━━━ INFORMATION PROVIDED ━━━
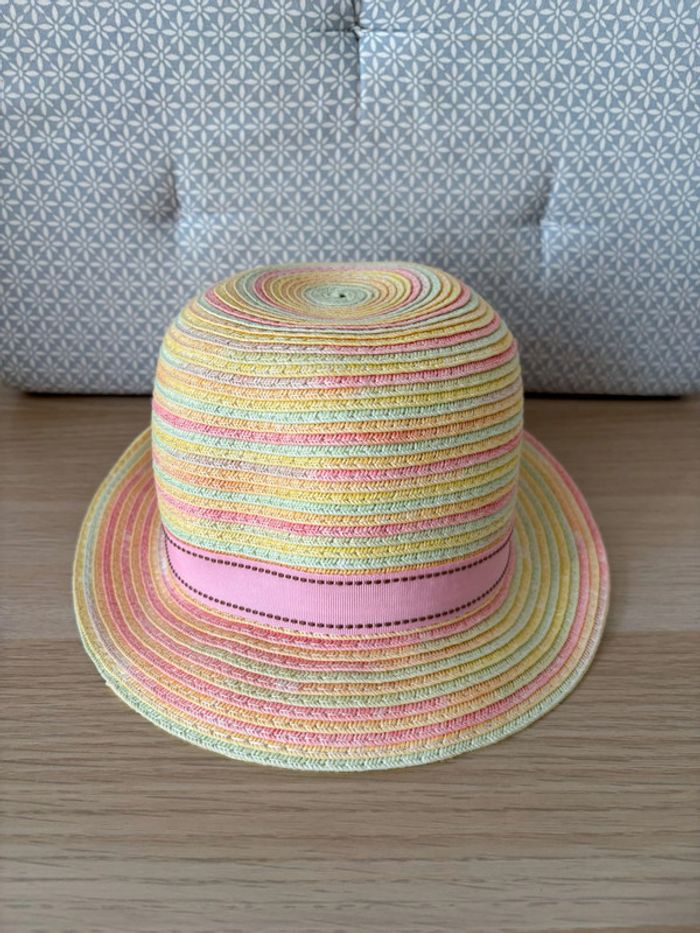 Chapeau "Effet Paille" Multicolore - photo numéro 2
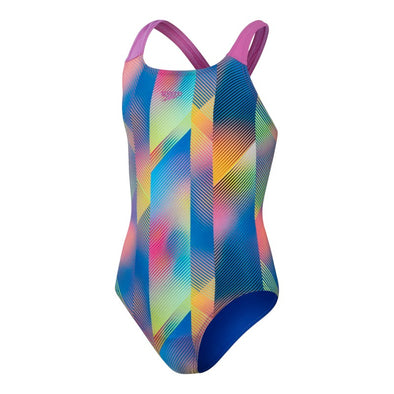 Pt alv pwrbck jf pink/blu vestido bano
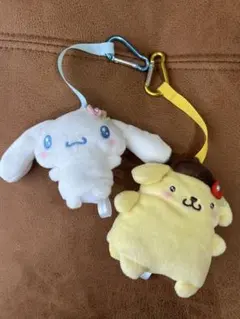 【新品未使用】即購入可 当たりくじ ポムポムプリン シナモロール キーチェーン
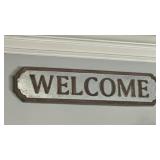 Aluminum vintage  'Welcome' sign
━━━
| YOUR GOAL |
What is needed is the listing above, repeated verbatim, without its images.

| TASK RESULT |
 Chapeau "Effet Paille" Multicolore - photo numéro 2
 Pt alv pwrbck jf pink/blu vestido bano
 【新品未使用】即購入可 当たりくじ ポムポムプリン シナモロール キーチェーン
 Aluminum vintage  'Welcome' sign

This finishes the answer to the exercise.